My comparison to Microsoft Palladium was all the underlying interesting technology around process isolation and (what was, at that time) a modern look at hardware-accelerated containerization.
Will you explain how hypervisor would offer increased isolation for user-mode processes whey they are already isolated with protection ring 3?
Hypervisor isolation of Docker containers is only required because Windows images have to include the OS kernel due to a lack of stable kernel API.
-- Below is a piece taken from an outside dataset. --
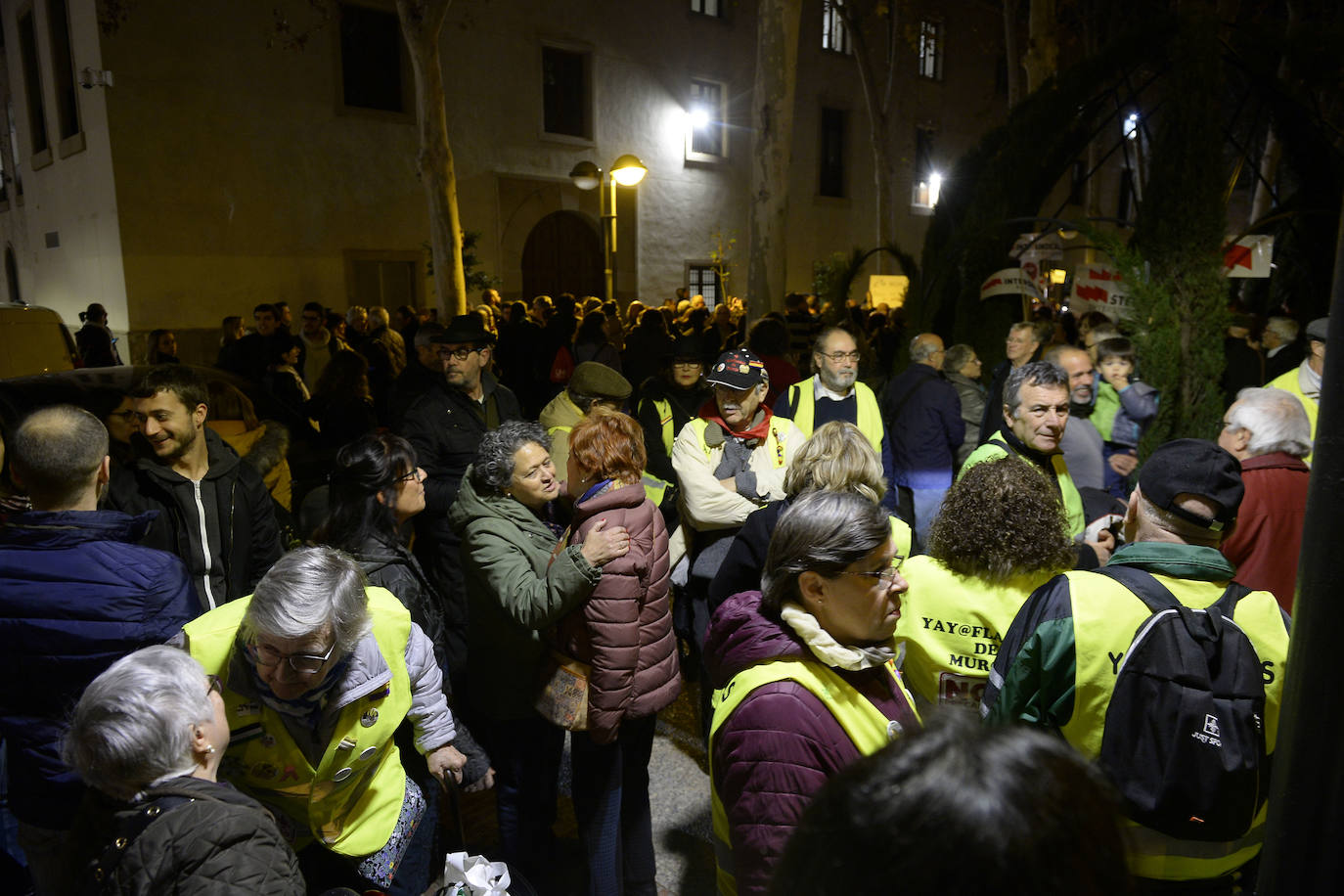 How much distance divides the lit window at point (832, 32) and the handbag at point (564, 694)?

A modern OS should be very focused on using all the modern tech we have available to protect itself from more highly funded, highly organized (and as pointed out above, even state sponsored) attacks
I would understand the requirement for hypervisor-enabled processor (if this didn't specifically require a 2017-2018 model), but TPM 2.0? Thank you very much, I'm a home desktop user - not an U.S. Army employee who needs to carry around a 'secure' corporate notebook full of goverment 'secrets'; I don't need Microsoft or anyone else take control of my computer and deny me full access for the sake of my 'security'.
I'm already tired of Google peeking my page history then endlessly bogging me with targeted ads and feedback requests on my visited places, or having to jailbreak my Android phone to restore Chrome tabs lost by some random bug that persists for the last 10 years.
Yeah, cause it's not like ransonware and nation state sponsored attacks are becoming an existential threat to modern infrastructure or anything. I'm sure they're entirely motivated by DRM concerns.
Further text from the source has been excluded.